The first season of New Legacy launched on October 15, 2024, with the second season launching on October 15, 2026.

==Reception==
===Reviews===

Next Generation reviewed the game, rating it four stars out of five, and stated that "it's a very big world in there, full of lots of exciting things to try and accomplish, with more to be added over time and lots of real people around to know you did them. Brittania is what you make of it. Have fun." GameSpot rated the game 4.9 of 10.

Aggregate score
| Aggregator | Score |
|---|---|
| Metacritic | 59/100 |

Review score
| Publication | Score |
|---|---|
| PC Gamer | 55% |

===Sales and subscriptions===
Internal sales predictions for Ultima Online were low, as Electronic Arts president John Riccitiello remarked that Ultima "was never a big franchise." According to an Origin Systems employee, the game's expected maximum subscriber count was 15,000 users. However, Stefan Janicki of GameSpot later noted that it "quickly became one of the most commercially successful games ever". CNNMoney similarly declared it a "watershed event" and the first major hit in the Internet-only game genre. In the United States, Ultima Online debuted at #9 on PC Data's computer game sales rankings for October 1997. It carried a list price of $65, and its average street price was $55 for the month. A writer for CNET Gamecenter found that the title was part of a trend of role-playing successes in October, alongside Fallout and Lands of Lore 2: Guardians of Destiny. He remarked, "If October's list is any indication, RPGs are back." Between Ultima Onlines launch on September 25 and November 13, the game sold 65,000 units. In Japan, its initial shipment of 5,000 units sold out within 15 minutes on shelves.

Ultima Onlines sales rate was the fastest ever for an Internet-only game by 1997, and it led Electronic Arts to declare the title its fastest-selling computer game of all time. A writer for PC Gamer US considered this speed the possible cause for "the many reports of lost orders, delayed pre-orders and stores out of stock that occurred when the game launched." In mid-November, Electronic Arts revealed plans to ship an additional 80,000 units of Ultima Online worldwide, including 15,000 for Japan. The majority of its first shipment had been targeted at the United States. On November 20, the game became Japan's best-selling computer title of its launch month. Ultima Online reached 70,000 global subscribers by early December, of which Japan made up 8,000 and Europe 5,000. The game had fallen from PC Data's monthly top 20 for the United States during November, but the firm tracked 87,000 sales of Ultima Online in that country alone through the end of 1997.

By December 1998, Ultima Online had reached 100,000 subscribers, with an average simultaneous player count of 12,500 and an average weekly playtime of 20 hours. Declaring the game a hit, IGN's staff wrote that its users "pay $9.95 a month to play the game. That's a million dollars in revenue a month. Twelve million dollars a year." The game had risen to 120,000 subscribers by March 1999, and by June Ultima Onlines global sales had surpassed 200,000 units. A writer for GameDaily described this performance as "almost like printing money." Its subscriber base continued to climb in 2000, reaching 150,000 users by February. Domestically, Ultima Online and its Second Age add-on together had sold 249,610 copies and earned revenues of $11.3 million at retail alone by early 2000, according to PC Data.

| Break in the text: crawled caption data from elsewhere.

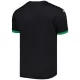 Sassuolo Heimtrikot 24/25 für Herren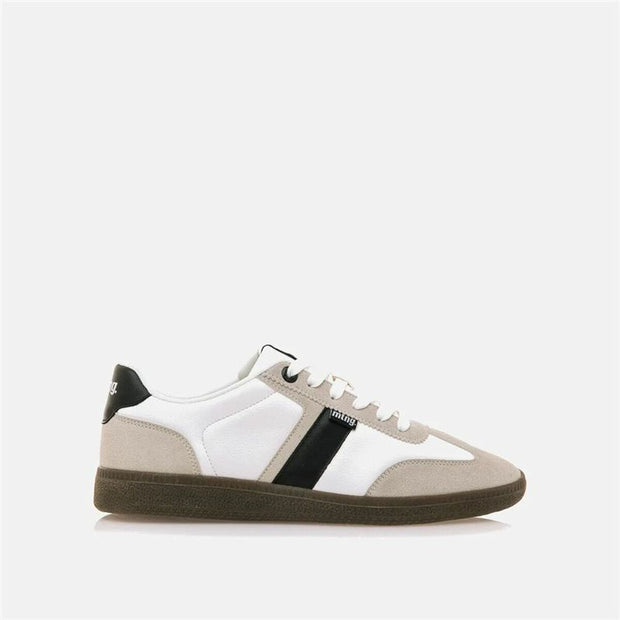 V4H531C3861CECF95EDEAC66A69D65C632FR5416235P1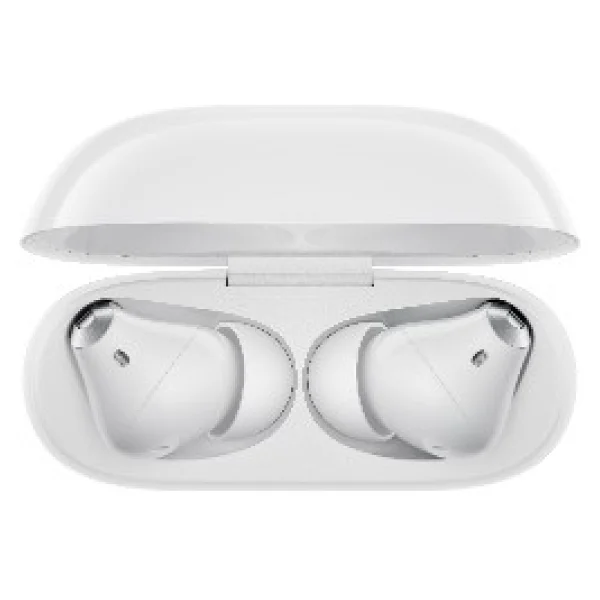 Xiaomi Redmi Buds 4 Pro TWS Kulak İçi Bluetooth Kulaklık - Görsel 2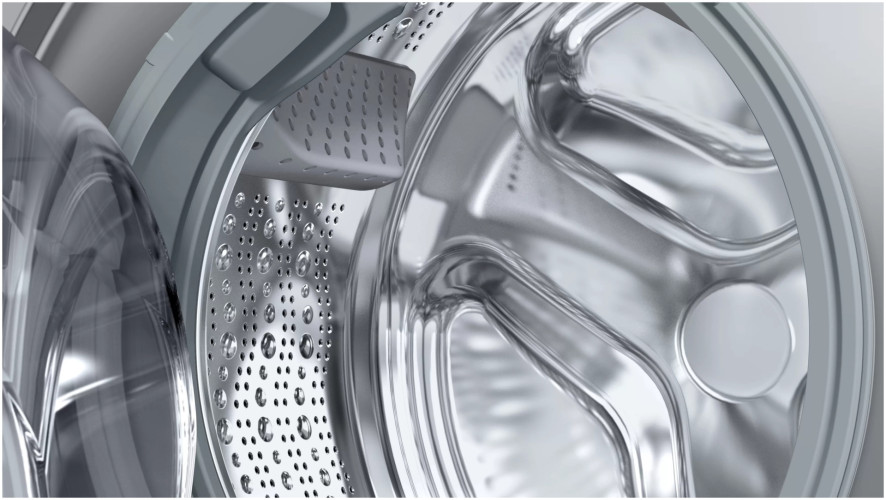 Стиральная машина Bosch WHA 222XY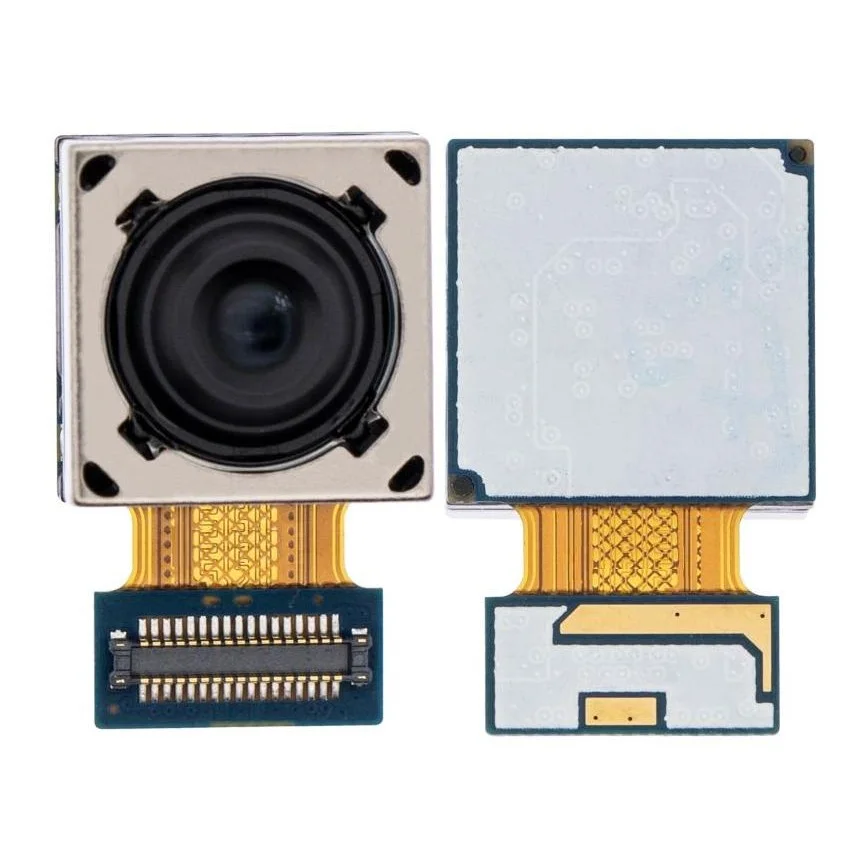 Samsung M40 M405 Arka Kamera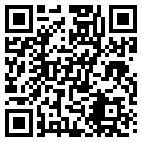 QR Code for Jazmin Realty in Miami Beach, FL 33141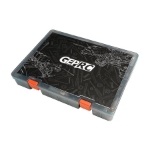 Picture of GEPRC FPV Hardware Pack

Gamecenter's Mark Asher wrote at the time, "Add in its current subscriber base of 150,000 players at $10 per month, and you can see the appeal of online, fee-based games." Subscribers rose to 165,000 by March, which amounted to $1.65 million in monthly revenue, and to 250,000 by October 2000.

By early 2001, Ultima Onlines playerbase was estimated at 20–30% female, which was common to MMORPGs of the period. Japan remained a key market for Ultima Online by July 2001, and accounted for 64,000 of the game's 240,000 subscribers at the time. A representative for Electronic Arts reported, "While we do only a fraction of PC game business in Japan against EA's worldwide business, over 25 percent of Ultima Online business is done in Japan." Worldwide, Ultima Online retained 225,000 subscribers by early 2003.

===Awards===
Ultima Online was awarded "Online Game of the Year", as well as received a nomination for "Outstanding Achievement in Software Engineering", at the inaugural Interactive Achievement Awards (now known as the D.I.C.E. Awards), presented by the Academy of Interactive Arts & Sciences.
Ultima Onlines success resulted in Guinness World Records awarding the game eight world records in the Guinness World Records: Gamer's Edition 2008. These records include "First MMORPG to Reach 100,000 Players", "Longest Running MMORPG", and "First and Only Person to Kill Lord British", which was done by a player named Rainz during a server reset which turned off his invulnerability; however, the "Longest Running MMORPG" award was revoked due to an oversight and was instead given to the game Furcadia, which was released nine months prior to Ultima Online. In May 2001 Ultima Online won the MPOGD game of the month award In 2010, Ultima Online was the first inductee into the Game Developers Choice Online Awards Hall of Fame. In 2012, Stratics presented Ultima Online with a "Historic Achievement Award" to commemorate "fifteen years of innovation, imagination, and dedication in support of the Ultima Online community." Time designated it as one of the 100 greatest video games of all time in November 2012.

===Controversies===
Ultima Online had a number of serious bugs when it first shipped, with the vast majority of them being fixed with patches over the next few months. This ignited debates over whether the recently emerged technology for continuous patching would lead to companies routinely releasing games in an unfinished and/or bug-ridden state with the intention of fixing the problems after release.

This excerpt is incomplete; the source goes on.